What to work on: In the material below, find the line with "Женская куртка Цветочный" and the line with "Storkyrkan Church, Storkyrkan: Perhelion", then output both and every line between them exactly, omitting pictures.

Information supplied:

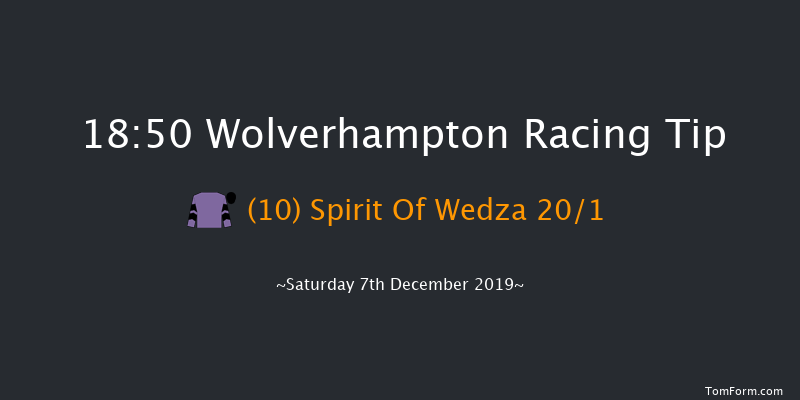 Wolverhampton 18:50 Handicap (Class 5) 6f Tue 3rd Dec 2019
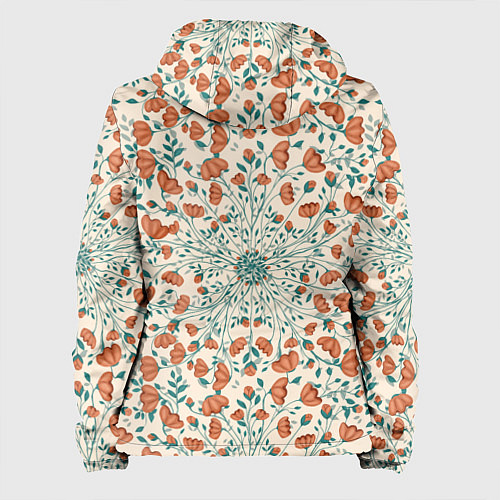 Женская куртка Цветочный узор калейдоскоп / 3D-Черный – фото 2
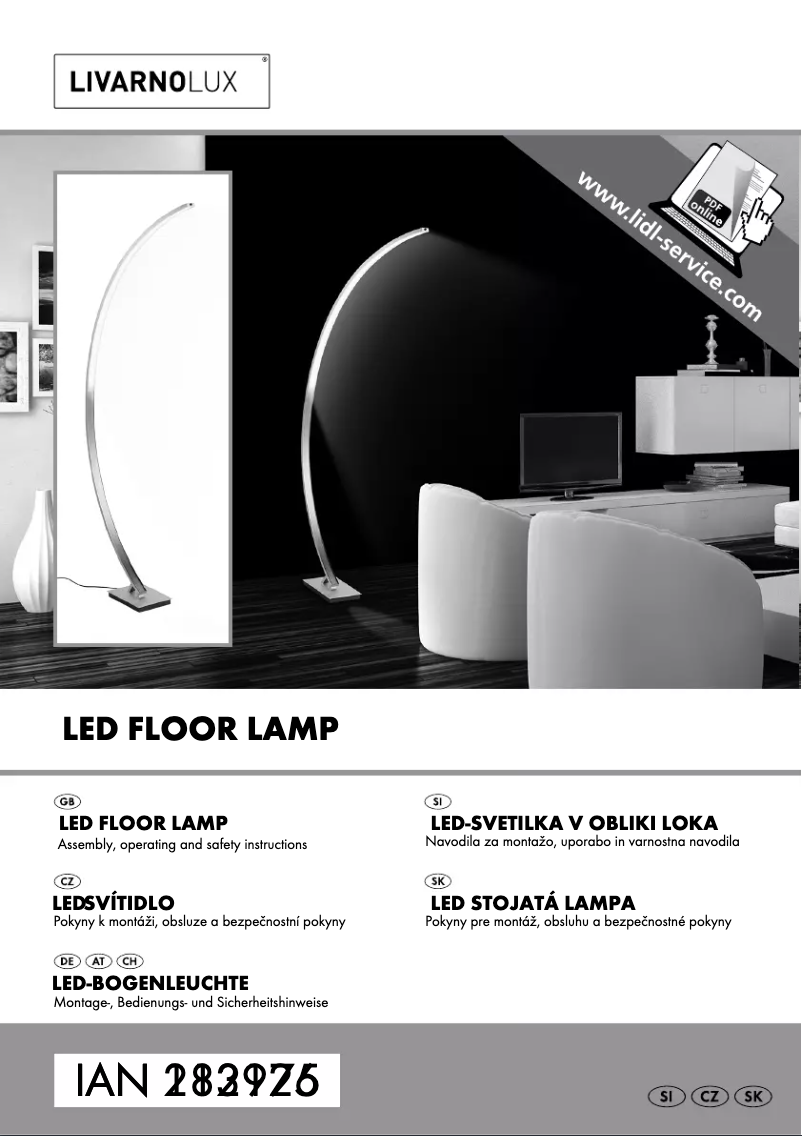 Page 1 de la notice Manuel utilisateur Livarno Lux IAN 282125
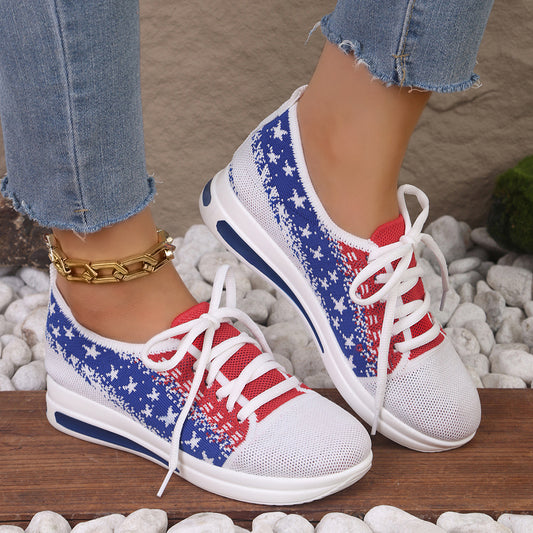 Women's Lightweight Mesh Running Shoes | Non-Slip Lace-Up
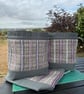 Cariad Bag - Berry range. Damson, Dusky Lilac & Prussian Blue.Handwoven in Wales - Image 5
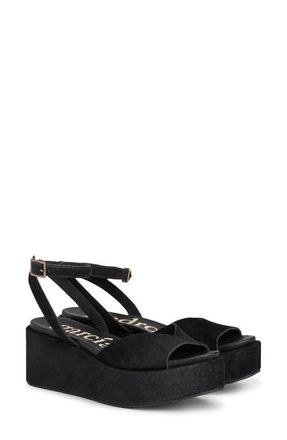 Pedro Garcia Nereida Leather Platform Sandal in Black Castoro at Nordstrom, Size 8.5Us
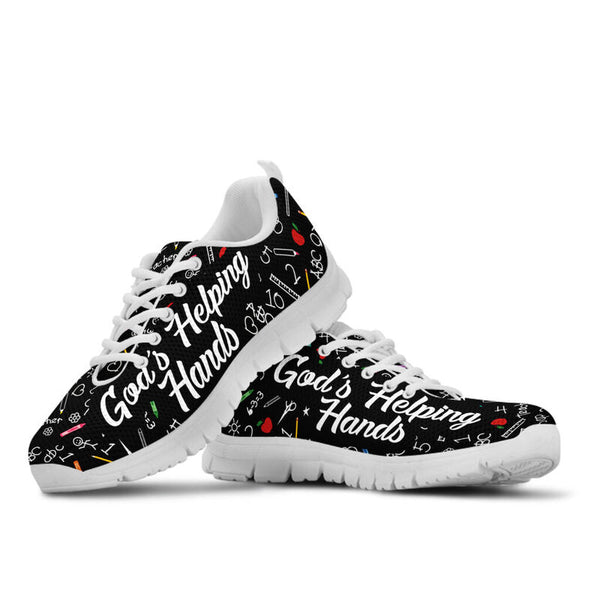 God's Helping Hands Hb Partten Sneakers, Running Shoes, Shoes For Women, Shoes For Men, Cust- Love Sneakers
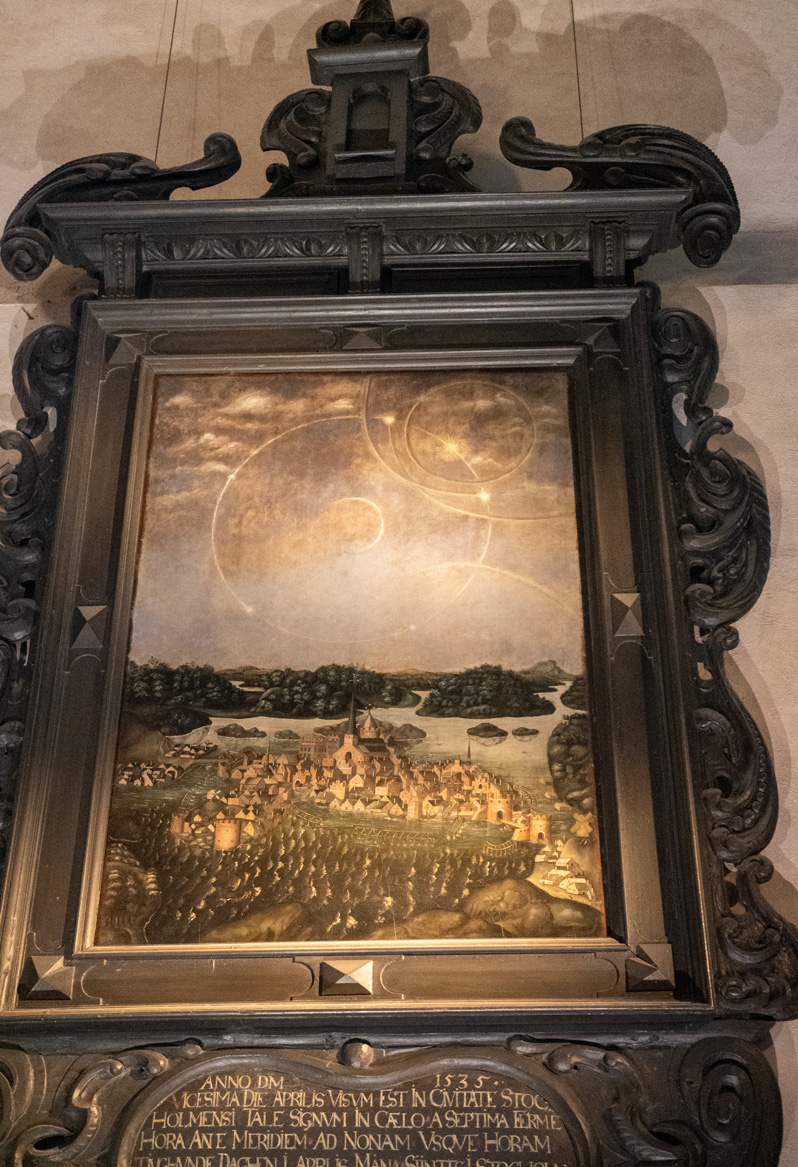 Storkyrkan Church, Storkyrkan: Perhelion Painting Odd atomospheic halos.  Copy of a 153X work.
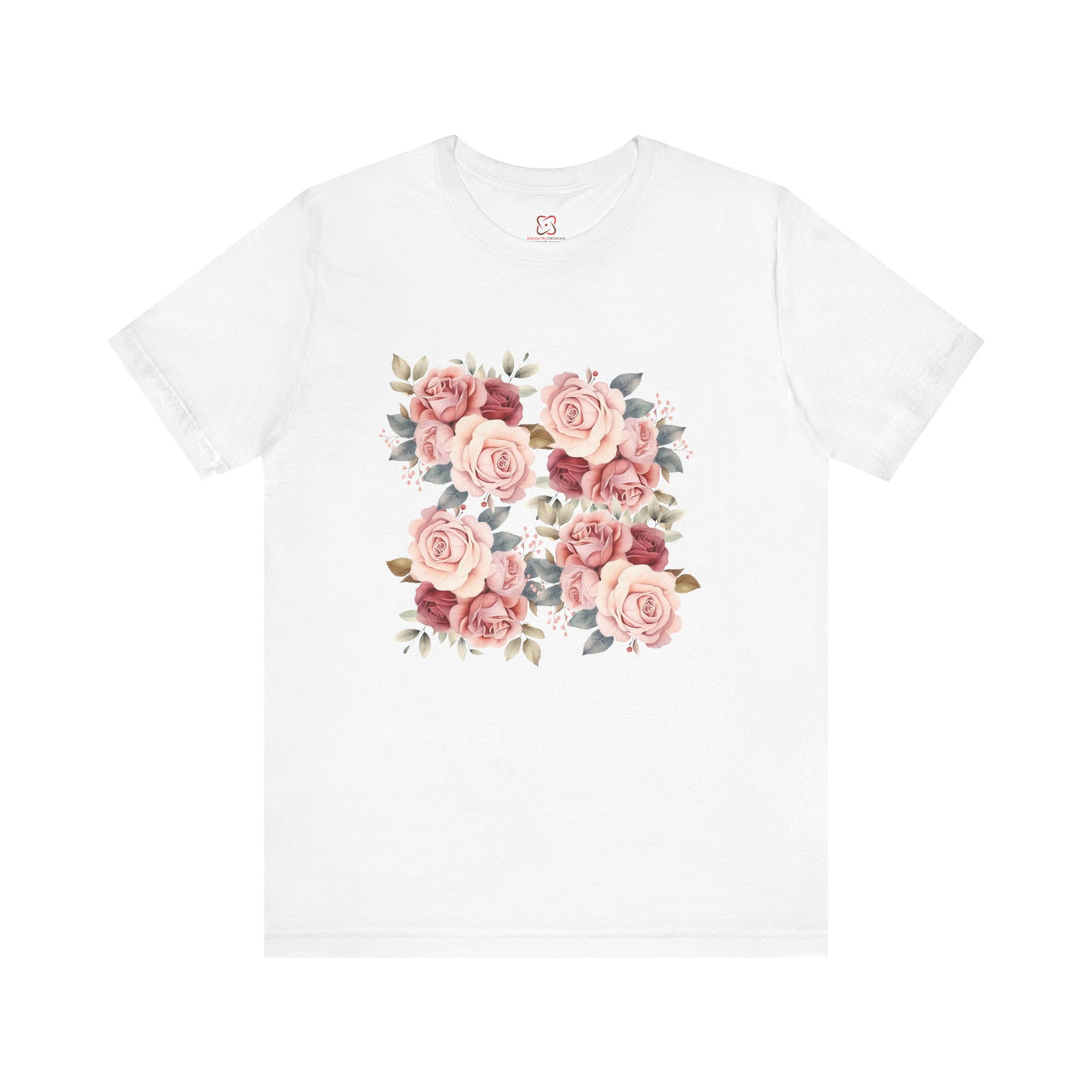 Romantic Floral Flower Valentine's Day T-Shirt - Cute & Feminine Design"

Expected output:
 Женская куртка Цветочный узор калейдоскоп / 3D-Черный – фото 2
 Page 1 de la notice Manuel utilisateur Livarno Lux IAN 282125
 Women's Lightweight Mesh Running Shoes | Non-Slip Lace-Up
 Cariad Bag - Berry range. Damson, Dusky Lilac & Prussian Blue.Handwoven in Wales - Image 5
 Pedro Garcia Nereida Leather Platform Sandal in Black Castoro at Nordstrom, Size 8.5Us
 God's Helping Hands Hb Partten Sneakers, Running Shoes, Shoes For Women, Shoes For Men, Cust- Love Sneakers
 Storkyrkan Church, Storkyrkan: Perhelion Painting Odd atomospheic halos.  Copy of a 153X work.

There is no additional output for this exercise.